Mobilisation parisienne des professionnels du spectacle
Entre 150 et 200 professionnels du spectacle ont défilé vendredi jusqu'au ministère de la Culture, à Paris, pour défendre une politique culturelle "ambitieuse", alors que les conclusions de la concertation sur le régime des intermittents sont attendues courant janvier. Beaucoup moins nombreux que lors de la manifestation parisienne du 1er octobre, les manifestants, répondant à l'appel de la CGT Spectacle, ont défilé pour obtenir des éclaircissements sur le contenu du futur projet de loi sur la culture attendu pour le premier trimestre 2015, sur les conclusions de la concertation sur les intermittents menée depuis l'été et sur les moyens alloués à la culture. "Toute la politique culturelle est actuellement très malmenée", a déclaré à l'AFP Denys Fouqueray, représentant de la CGT Spectacle, en citant les baisses de subventions allouées des collectivités territoriales pour la culture en régions.

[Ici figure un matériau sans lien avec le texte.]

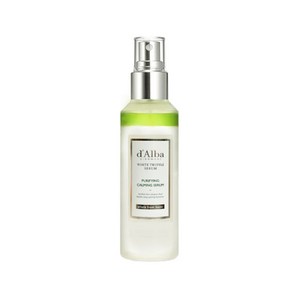 달바 최신상 화이트 트러플 퓨리파잉 앤 카밍 세럼 미스트 대용량 160ml, 1개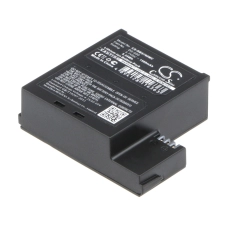 Compatible battery replacement for Veho DS-S50,VCC-A034-SB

La future loi sur la création culturelle doit être l'occasion, estime-t-il, de "redonner des moyens aux scènes conventionnées, tous ces endroits où l'Etat confie des missions et finance". Concernant la concertation sur les intermittents, la CGT Spectacle se félicite qu'elle ait permis de montrer que "les propositions que nous faisons ne sont pas irréalistes" financièrement.

Attendues pour la fin de l'année, les conclusions de la mission chargée de remettre à plat le régime des intermittents ne devraient être rendues qu'en janvier, indique-t-on à Matignon, qui précise qu'aucun "arbitrage" n'a été rendu à ce stade sur ce sujet épineux, pris en main par Manuel Valls avant l'été face à la fronde des professionnels du spectacle.